**Requirement:** Repeat the records below verbatim, and do not copy their pictures.

------ Task material

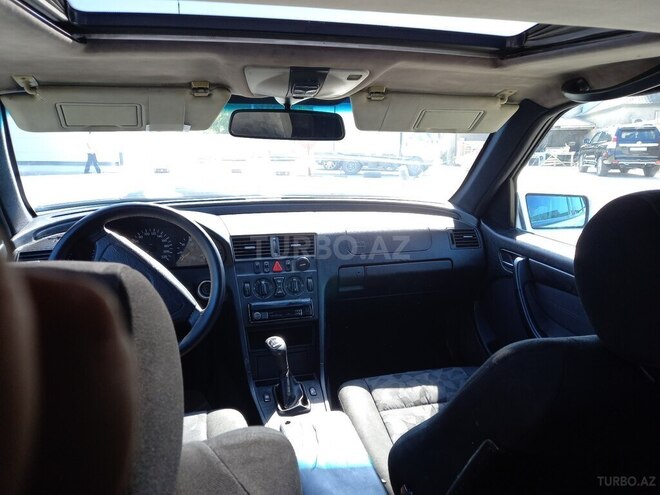 Mercedes C 220 d 1999, 561,000 km - 2.2 l - Bakı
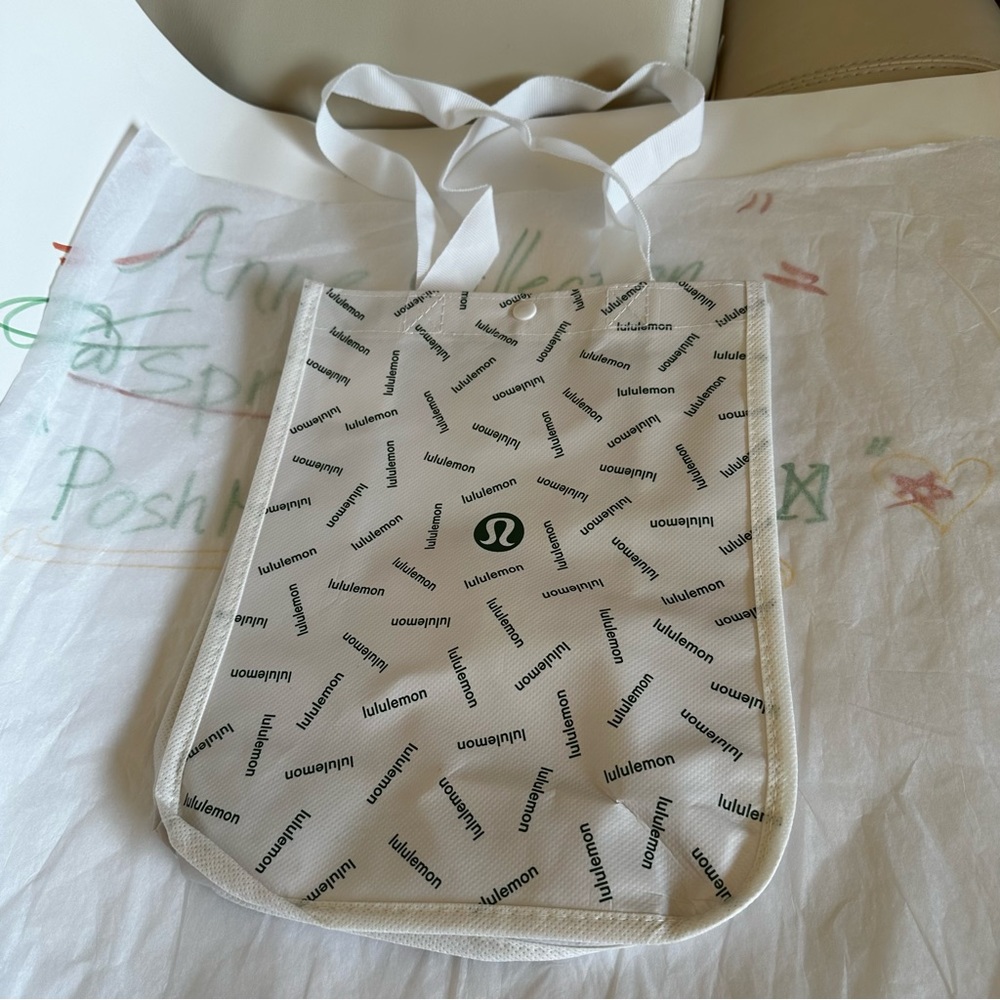 🆓 🆕 LULULEMON Reusable Small  Shopping Tote Bag - NWOT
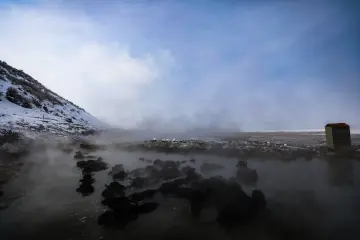 Bitlis Güroymak Budaklı Kaplıcası, sıcak suda mandalar, kar ve buhar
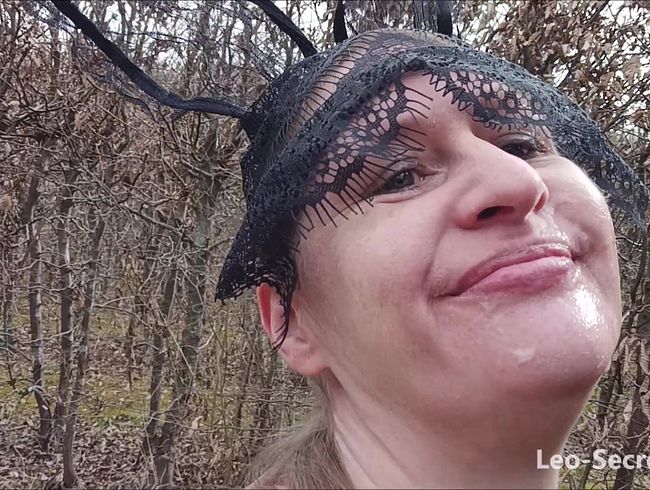 bla*ehase zu Ostern im Irrgarten gefunden und ihr das Gesicht veredelt ;p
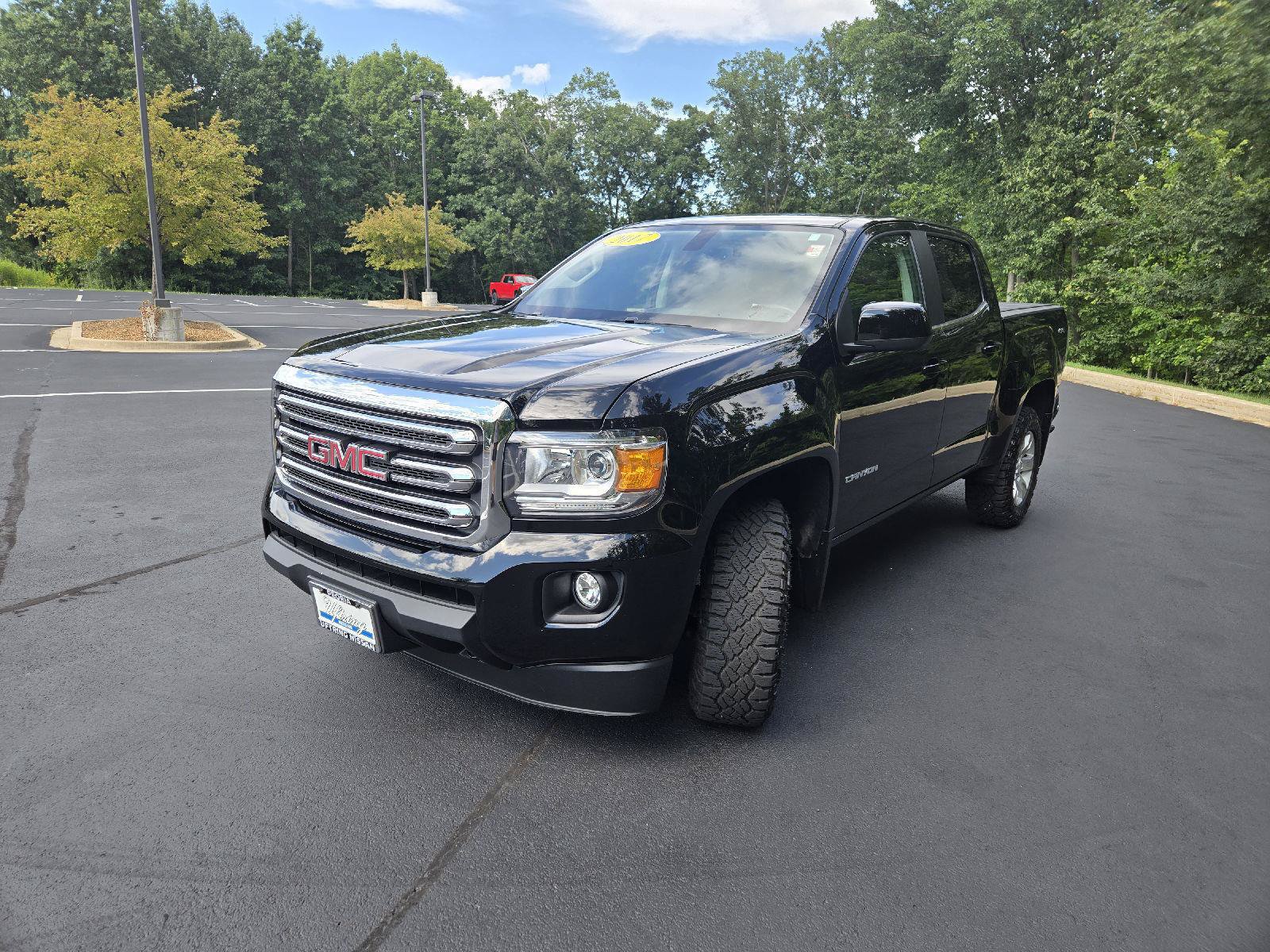 Used 2017 GMC Canyon SLE w/ SLE Convenience Package AWD/4WD image 4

------------

**Exercise answer:**
 Mercedes C 220 d 1999, 561,000 km - 2.2 l - Bakı
 🆓 🆕 LULULEMON Reusable Small  Shopping Tote Bag - NWOT
 Bitlis Güroymak Budaklı Kaplıcası, sıcak suda mandalar, kar ve buhar
 bla*ehase zu Ostern im Irrgarten gefunden und ihr das Gesicht veredelt ;p
 Used 2017 GMC Canyon SLE w/ SLE Convenience Package AWD/4WD image 4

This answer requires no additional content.